Divisions in Society

Contrary to the main message of the movie, another source of strife would be the highly heterogeneous nature of Zootopian society.

It is unclear how old the accord between herbivores and carnivores is; the introductory skit doesn’t elaborate beyond “thousands of years ago”, which is ambiguous. “There was war thousands of years ago” does not preclude “there was war tens of years ago”. There are hints, though, that the accord is a recent event.

By our eyes, Zootopia looks like a new city: high technology abounds, and there is not much creaking infrastructure of the sort you might find in an NYC subway.
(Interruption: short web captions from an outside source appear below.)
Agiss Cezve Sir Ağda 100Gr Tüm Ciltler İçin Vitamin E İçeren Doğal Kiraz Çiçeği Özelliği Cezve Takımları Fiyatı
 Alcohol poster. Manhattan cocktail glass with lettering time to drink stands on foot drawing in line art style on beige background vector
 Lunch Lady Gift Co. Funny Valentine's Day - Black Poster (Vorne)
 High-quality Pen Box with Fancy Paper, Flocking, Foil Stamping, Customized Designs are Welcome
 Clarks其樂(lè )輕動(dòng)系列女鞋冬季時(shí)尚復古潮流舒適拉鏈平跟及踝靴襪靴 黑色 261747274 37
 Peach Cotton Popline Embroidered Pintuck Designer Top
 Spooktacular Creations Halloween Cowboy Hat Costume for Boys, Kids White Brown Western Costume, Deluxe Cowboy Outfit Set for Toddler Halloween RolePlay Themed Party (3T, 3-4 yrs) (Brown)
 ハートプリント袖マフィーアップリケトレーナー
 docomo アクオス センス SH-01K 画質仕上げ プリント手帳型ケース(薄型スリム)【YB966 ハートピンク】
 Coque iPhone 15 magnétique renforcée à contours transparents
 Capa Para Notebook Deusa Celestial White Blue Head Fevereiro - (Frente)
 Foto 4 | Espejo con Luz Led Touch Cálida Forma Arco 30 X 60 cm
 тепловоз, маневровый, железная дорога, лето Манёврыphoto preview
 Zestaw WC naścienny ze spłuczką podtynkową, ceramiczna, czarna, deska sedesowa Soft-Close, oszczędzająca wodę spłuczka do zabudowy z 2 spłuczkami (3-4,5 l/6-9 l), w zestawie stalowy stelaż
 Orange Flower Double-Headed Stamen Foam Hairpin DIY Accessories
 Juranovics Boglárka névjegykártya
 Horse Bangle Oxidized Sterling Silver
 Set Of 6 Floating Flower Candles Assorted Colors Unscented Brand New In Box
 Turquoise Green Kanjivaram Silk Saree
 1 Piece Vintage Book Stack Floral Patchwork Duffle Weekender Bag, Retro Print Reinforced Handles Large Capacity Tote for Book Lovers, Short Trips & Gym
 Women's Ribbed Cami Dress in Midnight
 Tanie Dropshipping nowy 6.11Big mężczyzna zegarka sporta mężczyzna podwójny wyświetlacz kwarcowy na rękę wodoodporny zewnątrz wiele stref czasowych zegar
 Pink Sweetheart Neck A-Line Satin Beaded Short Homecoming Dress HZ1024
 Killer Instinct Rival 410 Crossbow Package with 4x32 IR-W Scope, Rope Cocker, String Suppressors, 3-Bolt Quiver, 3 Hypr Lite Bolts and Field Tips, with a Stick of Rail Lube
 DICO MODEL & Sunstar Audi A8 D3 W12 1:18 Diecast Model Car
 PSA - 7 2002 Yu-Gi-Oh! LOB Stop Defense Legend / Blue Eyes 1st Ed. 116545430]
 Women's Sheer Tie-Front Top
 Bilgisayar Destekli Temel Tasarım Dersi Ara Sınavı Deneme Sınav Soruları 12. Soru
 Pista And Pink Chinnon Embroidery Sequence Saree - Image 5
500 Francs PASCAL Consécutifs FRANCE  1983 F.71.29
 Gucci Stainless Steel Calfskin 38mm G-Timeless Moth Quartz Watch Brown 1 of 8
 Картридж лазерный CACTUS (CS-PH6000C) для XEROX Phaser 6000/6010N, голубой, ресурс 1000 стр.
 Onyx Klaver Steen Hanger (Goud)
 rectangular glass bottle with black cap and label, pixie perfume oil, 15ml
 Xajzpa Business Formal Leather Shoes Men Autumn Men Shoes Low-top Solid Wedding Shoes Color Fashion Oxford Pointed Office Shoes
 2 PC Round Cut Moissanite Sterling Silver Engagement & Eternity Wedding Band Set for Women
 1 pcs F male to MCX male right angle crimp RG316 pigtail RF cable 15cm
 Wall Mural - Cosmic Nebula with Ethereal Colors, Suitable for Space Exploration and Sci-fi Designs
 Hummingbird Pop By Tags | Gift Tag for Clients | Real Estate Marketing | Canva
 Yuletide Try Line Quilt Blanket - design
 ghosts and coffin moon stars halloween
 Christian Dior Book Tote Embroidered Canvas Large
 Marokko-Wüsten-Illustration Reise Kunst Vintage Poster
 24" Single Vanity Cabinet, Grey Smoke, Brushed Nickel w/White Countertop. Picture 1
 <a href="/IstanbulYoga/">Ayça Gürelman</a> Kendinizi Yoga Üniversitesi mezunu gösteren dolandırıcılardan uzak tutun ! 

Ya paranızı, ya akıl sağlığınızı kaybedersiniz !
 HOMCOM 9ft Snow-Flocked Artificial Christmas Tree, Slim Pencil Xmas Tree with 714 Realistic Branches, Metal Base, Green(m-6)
On the other hand, there are hints that the city is not brand new: the jungle superstructure presumably had to grow while the city provided climate control, and the city has been around for long enough that it has older low-cost housing (which Judy lives in). However, 50 years is more than long enough for a city to develop those sorts of signs of aging, and the overall veneer of the city reflects a shiny new Singapore instead of an older NYC or Paris. Since the accord was signed in Zootopia, the relative youth of the city implies that the accord is also young.

More circumstantial evidence suggests a young accord: predators easily enter a hyper-aggressive state with barely any chemicals applied (the skin is a good barrier against random chemicals entering the bloodstream). If the accord had happened thousands of years ago, one would expect predator aggression to be more easily kept in check, due to thousands of years of study on an important public relations matter.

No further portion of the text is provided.